Sosyal Medya

Makale

İmanın gücü

İnanmak, insanın potansiyelini harekete geçiren en önemli etkendir. Bir insan gerçek anlamıyla inandığında, o inancı uğruna her türlü fedakârlığı yapabilecek bir psikolojik vasata sahip olmaktadır. Hem tarihte hem de bugün bunu gözlemlemek mümkündür. Çünkü böylesi inanmak, inanılan şeyle bütünleşmek anlamını taşımaktadır ve gereğini yerine getirecek duygusal tamlığı da inşa etmek anlamındadır.

İnanmak, yanılgıyı içinde taşıdığı durumlarda dahi bir duygu olarak bu işleve sahiptir. Yani herhangi bir duruma yönelik inanç; yanıltıcı ve yanlış olsa da aynı düzeyi oluşturabiliyor. O yüzden ideoloji ile iman çoğu kez karıştırılıyor. Ama sahici anlamda inanmak hep bir adım öndedir ve taşıdığı potansiyel ile değişimin mihveri olmaktadır. Sahici olmayan inançlar, sahici düzeyde bir inanmayla benimsendiği zaman onlar da aynı düzlemi inşa edebilirler. Ama sonuç itibarı ile onlar yerlerinden olmaya maruz kalabilecekleri gibi, muhalefeti de içinde taşıyan bir meşruluğu peşinen oluştururlar. Bu yüzden gerçek anlamda bir inanma eylemi beraberinde mutluluğu getirir, bir sükûneti işaret eder. İnanmak sükûnet ile beraber sahiciliğini belirgin kılar.

İnanmak; bir boyun eğmek oluşunun yanında bir isyanı da temellendirir. Çünkü inandığınız davayı inkâr eden güçlere karşı bir isyanı taşıma sorumluluğu inanmanın bizzat kendisinde mündemiçtir. Eğer inanıyorsanız isyan edeceksiniz… O yüzden iman önce isyanla temellenir. “Lâ” demek sahte ilahları reddetmek ve onlara isyan etmek anlamına gelir. İman ile başlayan serüven şiddet içermez, bu yüzden şiddet içeren eylemler/imanlar yanlış davaların, yanlış inançların, yanlış inanmaların ve ideolojik yapıların işidir. Bu anlamı ile din ideolojik bir yapı inşa etmez!
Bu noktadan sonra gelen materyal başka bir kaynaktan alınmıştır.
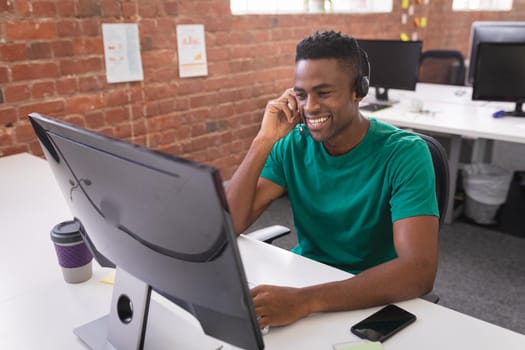 African american businessman having video call sitting in front of computer using headphones. independent creative design business.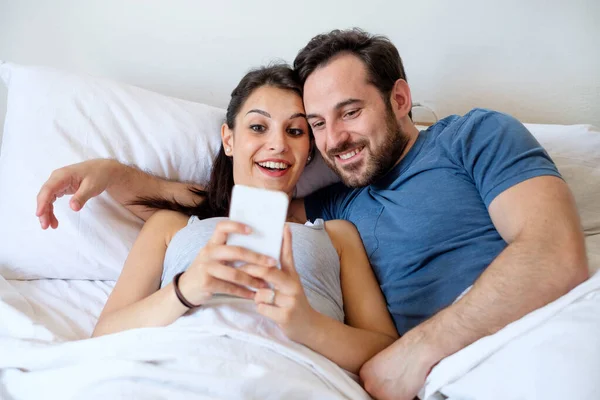 Δυο ερωτευμένοι στο κρεβάτι κρατώντας smartphone — Φωτογραφία Αρχείου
Hiçbir din şiddet ile başlamamıştır. Kendisi şiddete maruz kalmıştır. Sabırla kendi hakikatinin anlaşılmasını beklerken, yine sabırla direnmiştir. Bu yüzden işkencelere maruz kalmıştır inananlar, ama işkence etmemişlerdir. Bunun için sahici ile sahte olanı ayrıştıran en temel unsur inanmada bir merhametin olduğunu bilmektir. Merhamet şiddeti dışlar ve her türlü şiddeti gayrimeşru kabul eder. Ta ki kendisini ilan ettikten sonra, karşısında varlığını yok etmeye yönelik kurumsallaşmış bir güç söz konusu olduğunda ona yönelik bir karşı koymayı meşrulaştırması başka…

İnanmanın duygusal zeminle ilişkisi ve bu duygusal zeminin tavra yönelik ilgisini de hesaba katmalıyız. Bir tavrın hem örneklik oluşturması hem de tetikleyici; yani yaygınlaştırıcı özellik kazanması inanmanın duyguda geliştirdiği sahici tutuma bağlıdır. Güncel deyimle rol model ancak duygusal tamlıkla birlikte olduğunda belirleyici bir yön tayin edebilir. Bu yüzden inanmaya konu olan şeyin de sahici ve hakikatle bağı çok güçlü olmalıdır. 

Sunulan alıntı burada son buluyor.